(Dataset extract begins)

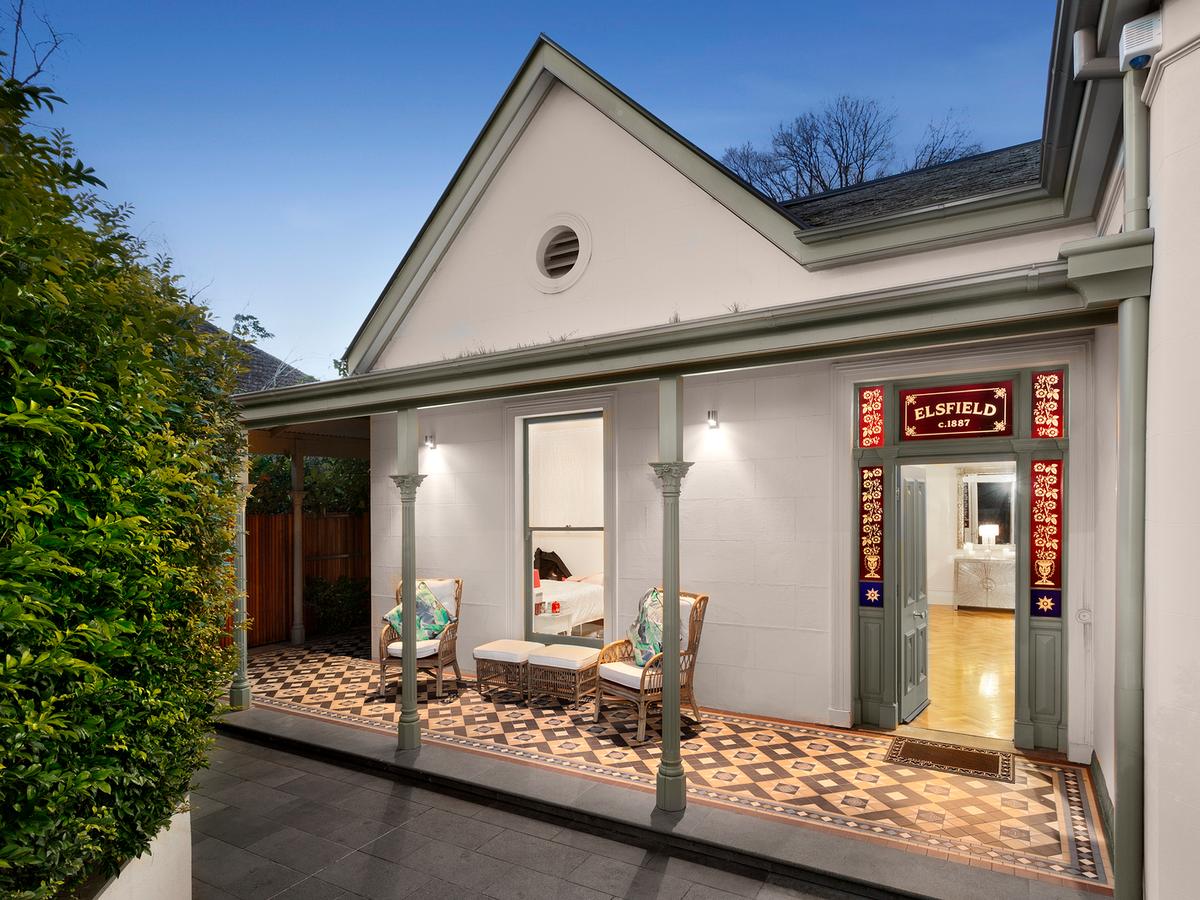 1/241 Cotham Road KEW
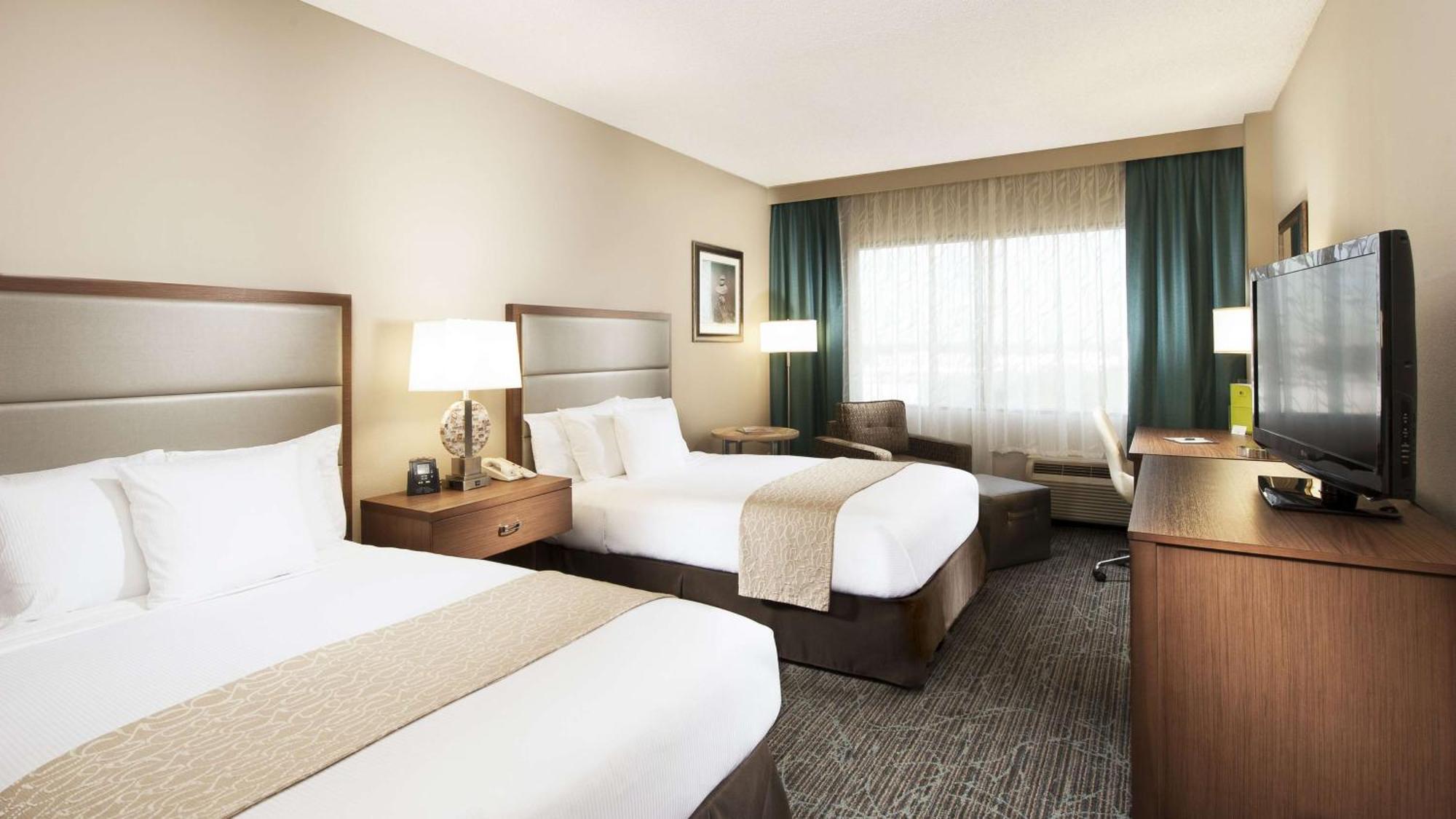 Doubletree By Hilton Hotel West Palm Beach Airport Экстерьер фото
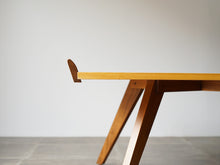 画像をギャラリービューアに読み込む, ジョージナカシマのコーヒーテーブルの淵が特徴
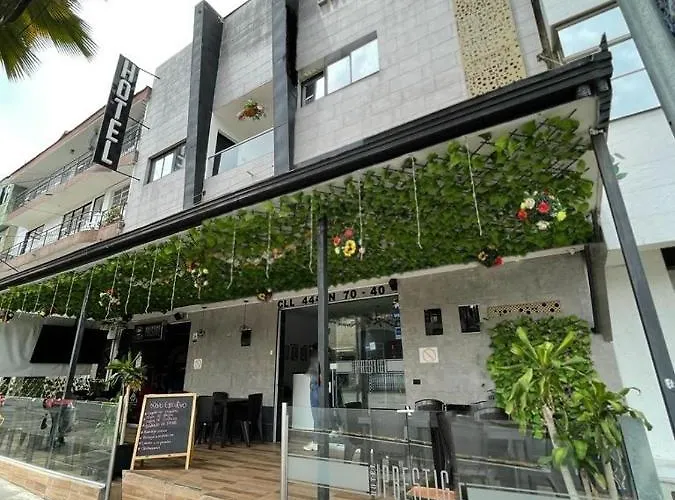 Hotel Prestige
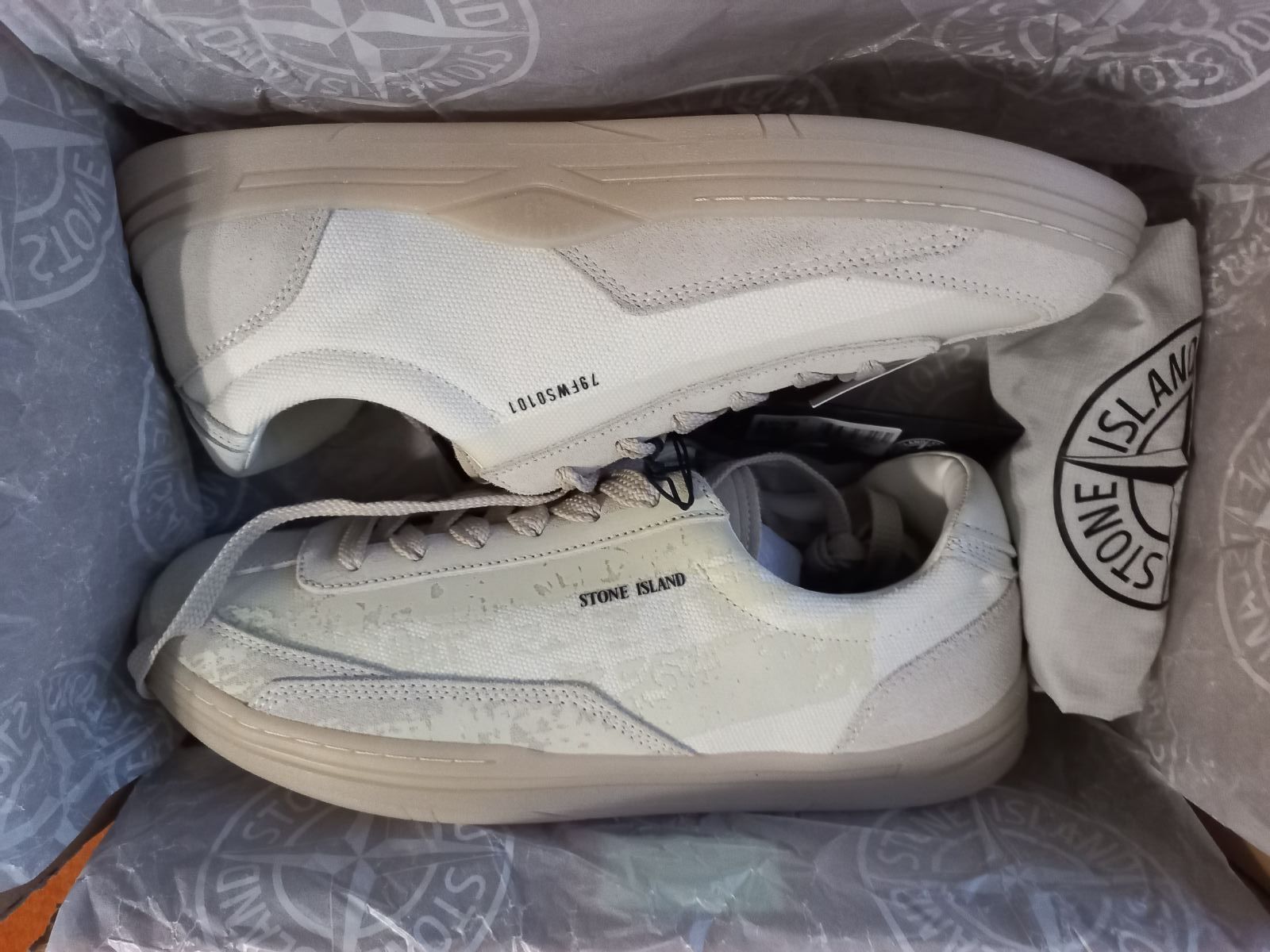 42, 43, Оригінальні кросівки Stone Island rock suede, оригинал кед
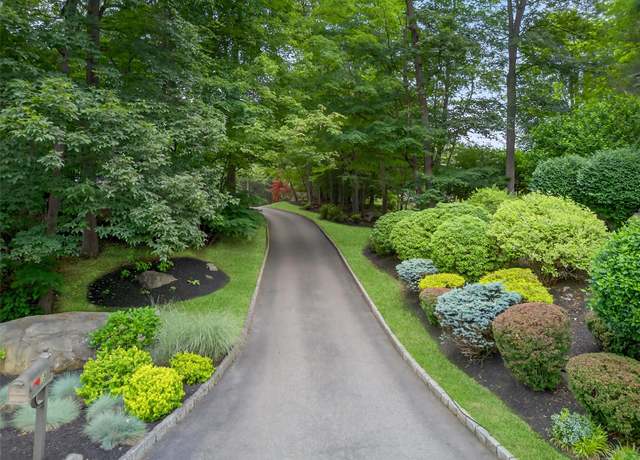 Property at 19 Mega Ln, Carmel, NY 10512, 4 beds, 3.5 baths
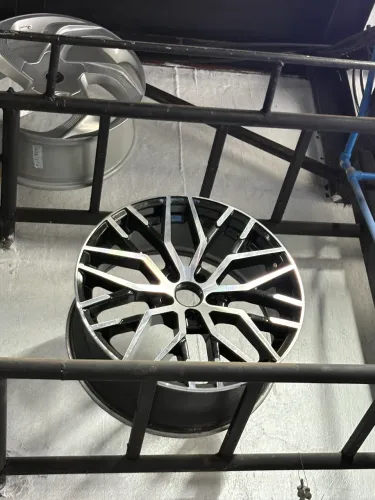 Roda Audi aro 20 Black diamantada.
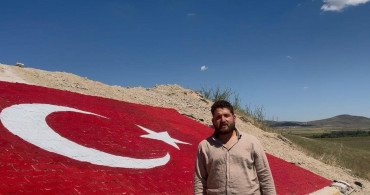 Eskişehirli gençler Milli Takım’a destek için dağa Türk bayrağı nakşetti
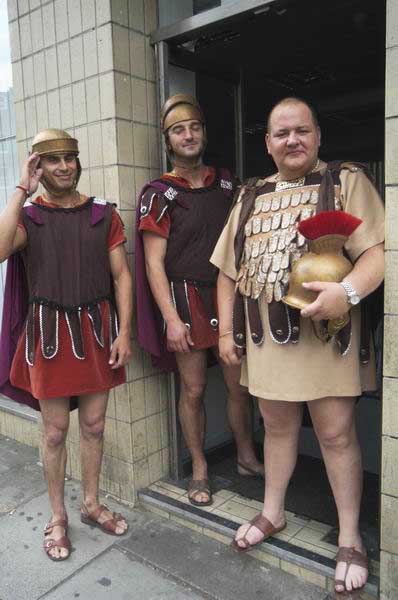 Picture &copy; Peter Marshall, 2004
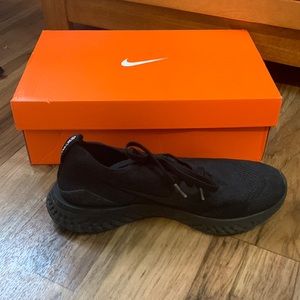 W NIKE EPIC REACT FLYKNIT 2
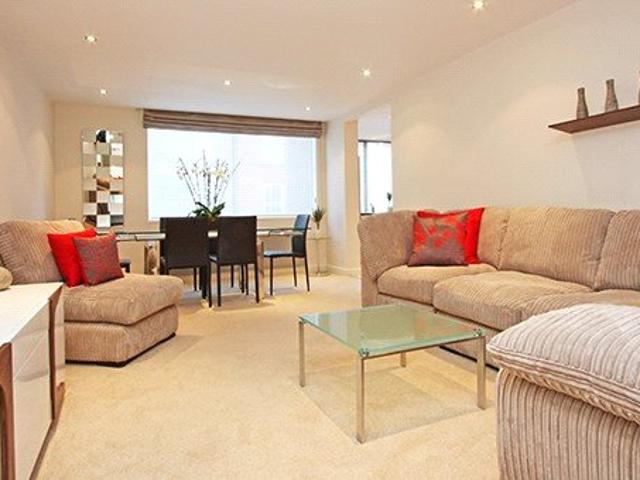 Apartment for rent in Victoria, Greater London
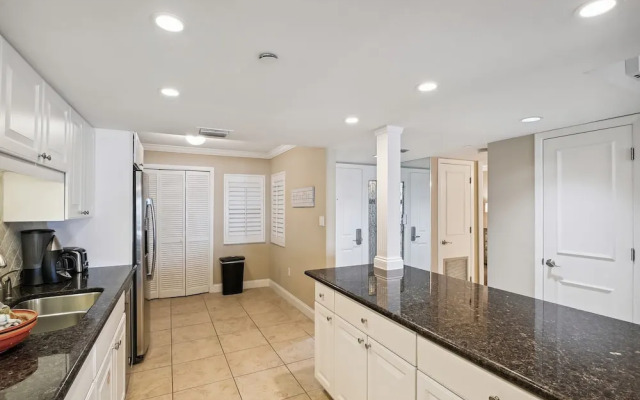 Inlet Reef 102 2 Bedroom Condo by RedAwning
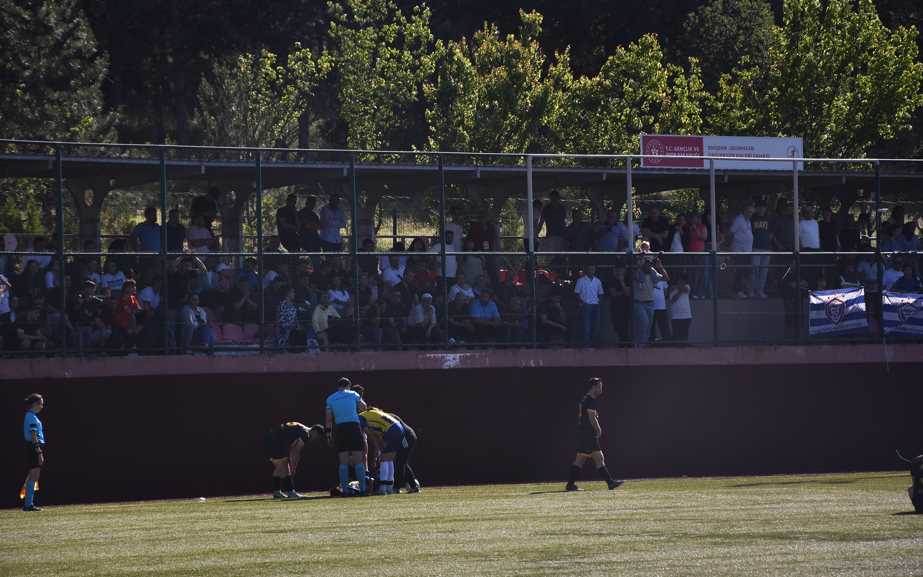 Tribünler kalabalıktı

(Dataset extract ends)

*What to do*. Starting with the line that has "Picture &copy; Peter Marshall, 2004" and ending with the last line of the records, retype every line exactly and only those lines. Do not include the pictures.

*Problem solution*.
 Picture &copy; Peter Marshall, 2004
 W NIKE EPIC REACT FLYKNIT 2
 Apartment for rent in Victoria, Greater London
 Inlet Reef 102 2 Bedroom Condo by RedAwning
 Tribünler kalabalıktı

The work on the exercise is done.